BEGIN

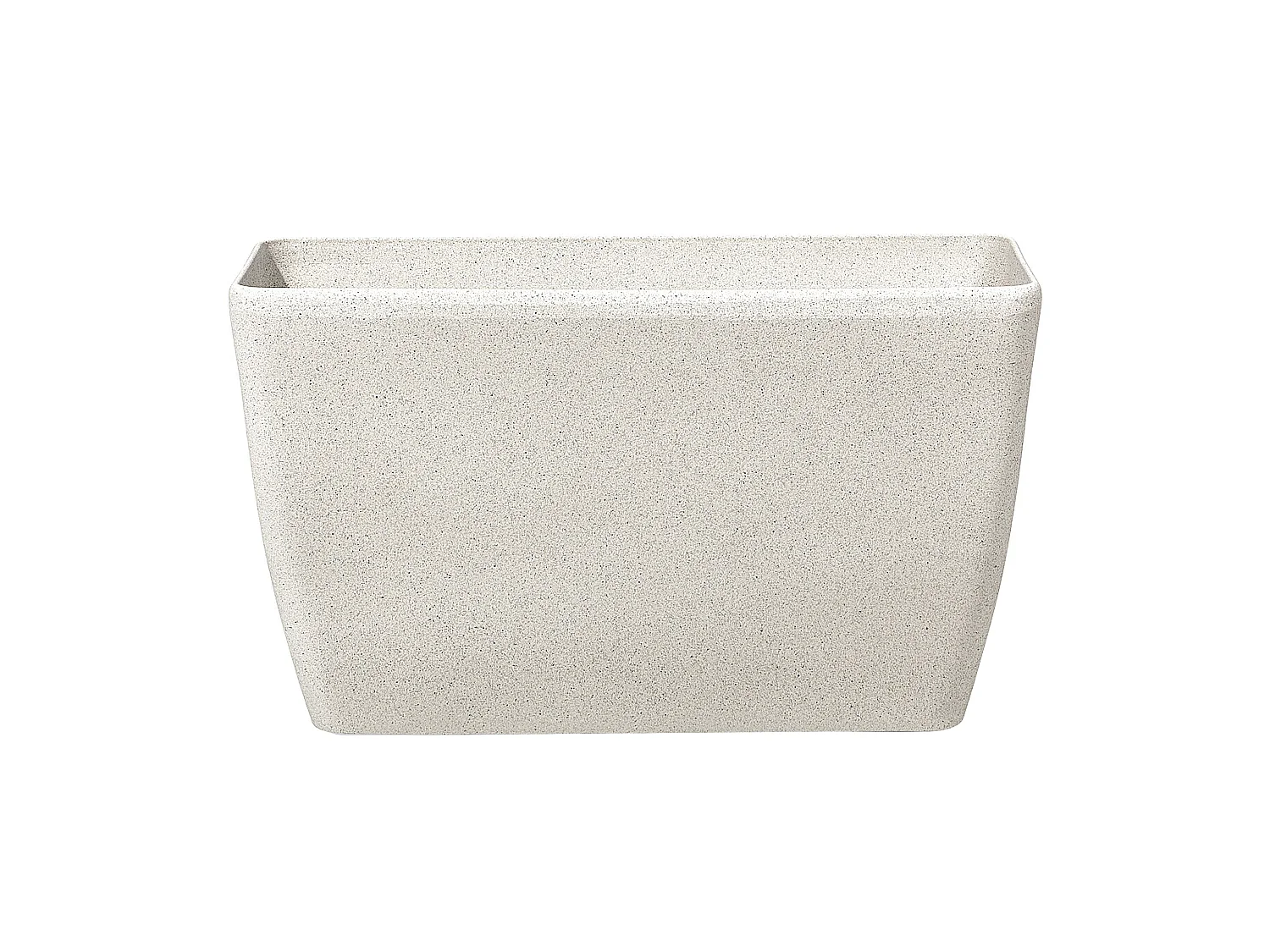 Lot de 2 pots de fleurs BARIS 74 cm Beige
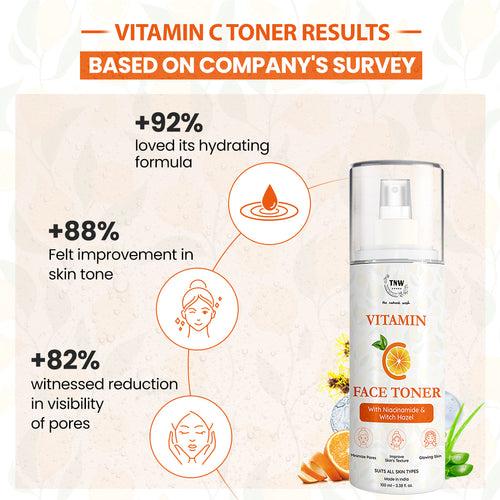 Vitamin C Toner with Niacinamide & Witch Hazel.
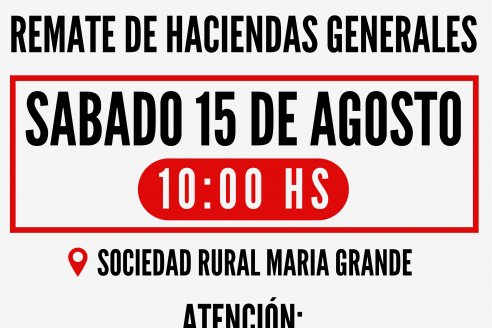 Remate de haciendas generales
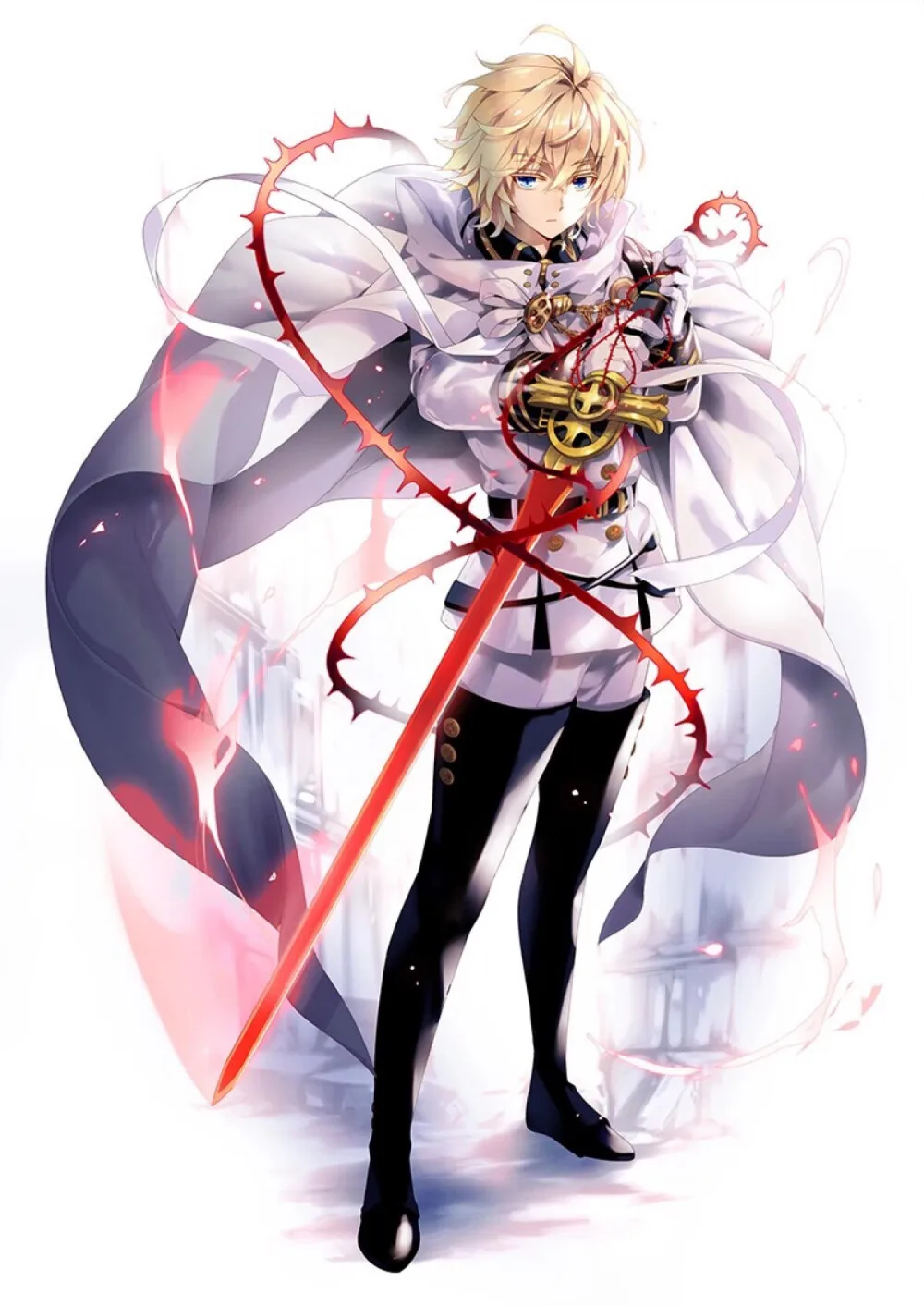 Seraph of the End Yuichiro Hyakuya Imperial Army Uniform Cosplay Costume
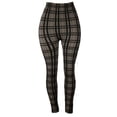 thumbnail image 5 of Womens Leggings Women'S Elastic Jeans Leggings Plaid Print Leggings Tights Hiking Pant Outfits Yoga Pants Fitness Plus Size Slacks For Woman, 5 of 7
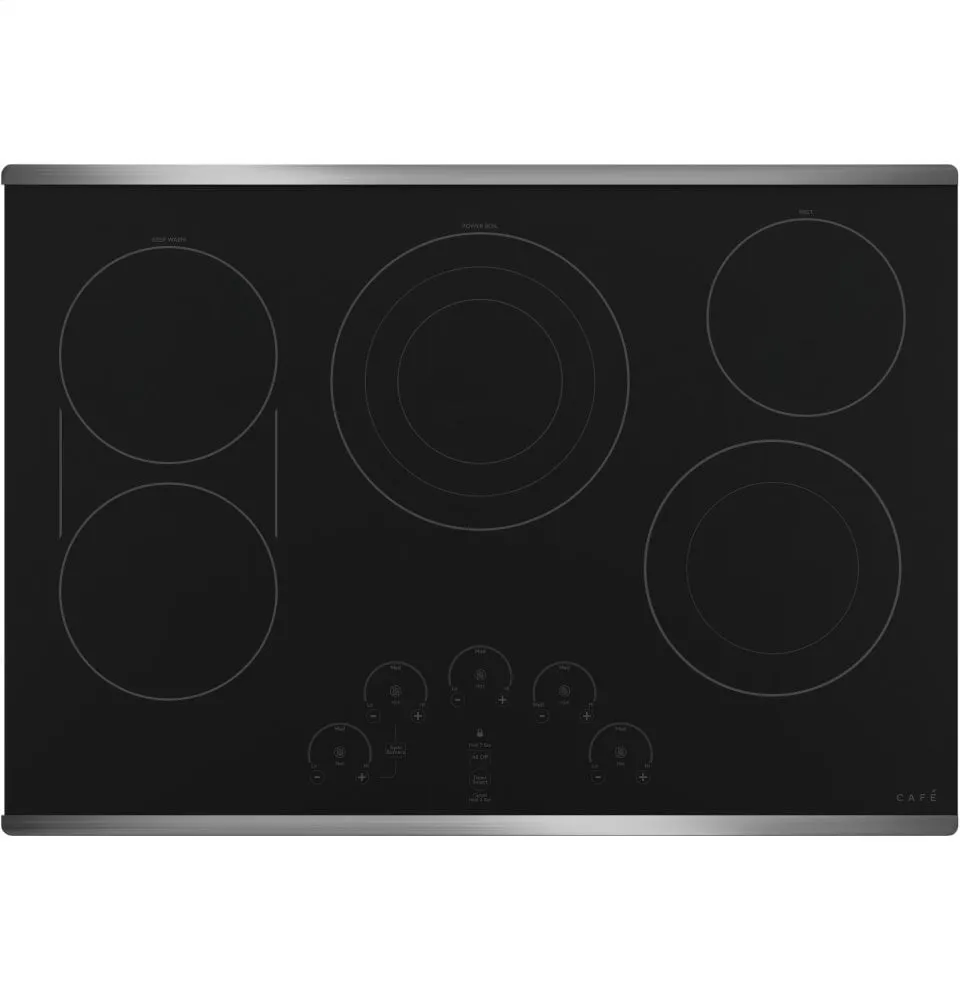 Cafe CEP90302NSS Caf 30" Touch-Control Electric Cooktop Electric slide-in electric cooking range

END

_Your goal:_
Everything from the line with "Vitamin C Toner" through the end of the records is to be repeated exactly. The pictures are not.

_Output for this task:_
 Vitamin C Toner with Niacinamide & Witch Hazel.
 Remate de haciendas generales
 Seraph of the End Yuichiro Hyakuya Imperial Army Uniform Cosplay Costume
 thumbnail image 5 of Womens Leggings Women'S Elastic Jeans Leggings Plaid Print Leggings Tights Hiking Pant Outfits Yoga Pants Fitness Plus Size Slacks For Woman, 5 of 7
 Cafe CEP90302NSS Caf 30" Touch-Control Electric Cooktop Electric slide-in electric cooking range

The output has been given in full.